17 So Isaac moved away from there and encamped in the Valley of Gerar, where he settled. 18 Isaac reopened the wells that had been dug in the time of his father Abraham, which the Philistines had stopped up after Abraham died, and he gave them the same names his father had given them. 19 Isaac’s servants dug in the valley and discovered a well of fresh water there. 20 But the herders of Gerar quarreled with those of Isaac and said, “The water is ours!” So he named the well Esek, because they disputed with him. 21 Then they dug another well, but they quarreled over that one also; so he named it Sitnah. 22 He moved on from there and dug another well, and no one quarreled over it. He named it Rehoboth, saying, “Now the Lord has given us room and we will flourish in the land.” 23 From there he went up to Beersheba. 24 That night the Lord appeared to him and said, “I am the God of your father Abraham. Do not be afraid, for I am with you; I will bless you and will increase the number of your descendants for the sake of my servant Abraham.” 25 Isaac built an altar there and called on the name of the Lord. There he pitched his tent, and there his servants dug a well. 26 Meanwhile, Abimelek had come to him from Gerar, with Ahuzzath his personal adviser and Phicol the commander of his forces. 27 Isaac asked them, “Why have you come to me, since you were hostile to me and sent me away?” 28 They answered, “We saw clearly that the Lord was with you; so we said, ‘There ought to be a sworn agreement between us’—between us and you. Let us make a treaty with you 29 that you will do us no harm, just as we did not harm you but always treated you well and sent you away peacefully. And now you are blessed by the Lord.” 30 Isaac then made a feast for them, and they ate and drank. 31 Early the next morning the men swore an oath to each other. Then Isaac sent them on their way, and they went away peacefully. 32 That day Isaac’s servants came and told him about the well they had dug. They said, “We’ve found water!” 33 He called it Shibah, and to this day the name of the town has been Beersheba. 34 When Esau was forty years old, he married Judith daughter of Beeri the Hittite, and also Basemath daughter of Elon the Hittite. 35 They were a source of grief to Isaac and Rebekah.

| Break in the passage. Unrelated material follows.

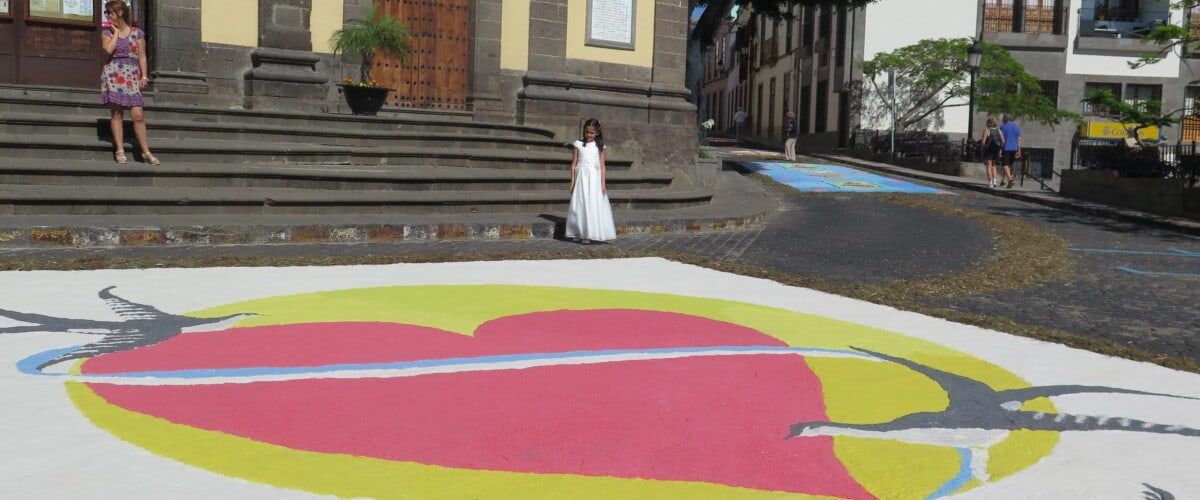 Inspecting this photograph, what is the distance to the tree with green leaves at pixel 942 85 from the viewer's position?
2883cm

God is always about fresh water – or fresh encounters with the Spirit of God.
In this passage Isaac, his family, his servants and his livestock have a nomadic life that revolved around the caring for their sheep and livestock. In this travelling and setting up their “Homes – tents” they would come across other communities doing the same. In this passage we see that they had to keep moving until the “altercations over water (wells dug)” finished.
Five wells are shown in this passage and each are named:
First wells were his Father’s Wells reopened by Isaac – reopened after the enemy (Philistines) had filled them in.
Second & third wells discovered by servants Named: “argument” & “hostility”
Fourth well dug by Isaac – with no dispute – Rehoboth – “open space for us to prosper in this land – by the Lord’s creation”
Fifth well – they moved again to Beersheba – Isaac meets with God, He gives him a promise, a well is dug. Beersheba means “well of the oath”.
They finally settle in Beersheba – this well is called “well of the oath”. Interestingly in this journey of their lives, the King (Abimelech) comes to see them and observes – “We can see plainly that the Lord is with you”.
A few thoughts from this passage:
- You can walk in your parents’ faith or others’ faith – however eventually you must dig your own well of faith.
- God will sometimes keep you “moving in your faith” until you learn to own your own faith and understand wholeheartedly the God who loves you.
- You must create your own well. You cannot live off someone else’s well – you have to know what you believe and why you believe it.
- It is ok to wrestle your faith and ask questions. Sometimes it creates arguments and hostility – however in the wrestle you will “dig” your own well.
- The well of your own faith – becomes something that others will say “We can see plainly that the Lord is with you”
Lord I pray that you would help me to understand you in a deeper way. Help me to continue to dig my own well of understanding. May my life reflect so that others can see that you are with me.